Command That I run for protein-protein production run is as below:

gmx mdrun -v -noappend -deffnm pro1 -ntmpi 8 -ntomp 4

using the above command it utilizes only ~18% GPU.

$ nvidia-smi
±--------------------------------------------------------------------------------------+
| NVIDIA-SMI 535.54.03 Driver Version: 535.54.03 CUDA Version: 12.2 |
|-----------------------------------------±---------------------±---------------------+
| GPU Name Persistence-M | Bus-Id Disp.A | Volatile Uncorr. ECC |
| Fan Temp Perf Pwr:Usage/Cap | Memory-Usage | GPU-Util Compute M. |
| | | MIG M. |
|=========================================+======================+======================|
| 0 Quadro RTX 6000 Off | 00000000:4B:00.0 Off | Off |
| 42% 66C P2 93W / 260W | 302MiB / 24576MiB | 18% Default |
| | | N/A |
±----------------------------------------±---------------------±---------------------+

±--------------------------------------------------------------------------------------+
| Processes: |
| GPU GI CI PID Type Process name GPU Memory |
| ID ID Usage |
|=======================================================================================|
| 0 N/A N/A 2357 G /usr/libexec/Xorg 38MiB |
| 0 N/A N/A 3204 G /usr/bin/gnome-shell 36MiB |
| 0 N/A N/A 188285 C gmx 222MiB |
±--------------------------------------------------------------------------------------+

Please have a look into above info and guide me How can I maximize the GPU/CPU utilization?
Do I need to modify the mdrun command inputs? or Gromacs in not well configured with GPU?

Thanks for your kind consideration.

Using multidir command 6 windows gets completed in 24 to 28 hrs.

So if someone has some benchmark for FEP simulations then please share.
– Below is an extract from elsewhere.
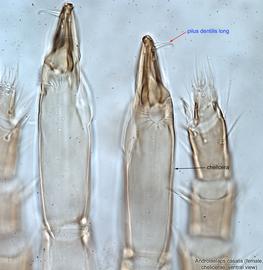  Fig. 9.  Androlaelaps casalis  female chelicerae, ventral view.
What does that mean, please use a throughput measure e.g. ns/day, otherwise it is hard to compare? What is the GPU utilization? Note that even if individual simulations get slower when you map fewwer CPU cores to them and have them share GPUs, in the end you want to maximize your total throughput, so do compute the aggregate throughput rather than that of a single simulation.

For my system with 61522 atoms the total from 6 windows md run (15ns) reaches 94 ns/day
Since I have 80 cores (with hyperthreading) and 2 Gpu’s (RTX A5000).
I had used np 6 ,ntomp 12 and gpu_id 01 option in multidir command.
The GPU utilization was close to 40% for both GPU’s.
i am sharing one file with some more details.

Without comparing this to something else, one can’t say whether this is optimal or not. Why not run short benchmark runs with 1, 2, 3, 4, 5, 8 runs per GPU (three may not even be ideal since you will be leaving some CPU cores idle)?

I did run some short md runs for 1ns and found that earlier i had used 12 ranks for running 6 windows. So I tried 6 ranks for 6 windows using both Gpu’s and not defining number of thread and total throughput was 109.17 ns/day (combined performance for all 6 windows). Then I increase and decreased the number of windows and giving same number of ranks as the number of windows. The best i could get was running 8 windows with 8 ranks which gave 114.54 ns/day (combined performance of all windows). Since above this number of windows it gives Cuda memory allocation error.
And both GPU usage was 40% for the 8 windows parallel run job and also it never crossed this number in other combinations also.

Given that you have 20 CPU cores per GPU which, it sounds like you have a lot of CPU work – perhaps a lot of perturbed atoms? If so there is not a lot more you can do because your run is CPU bound.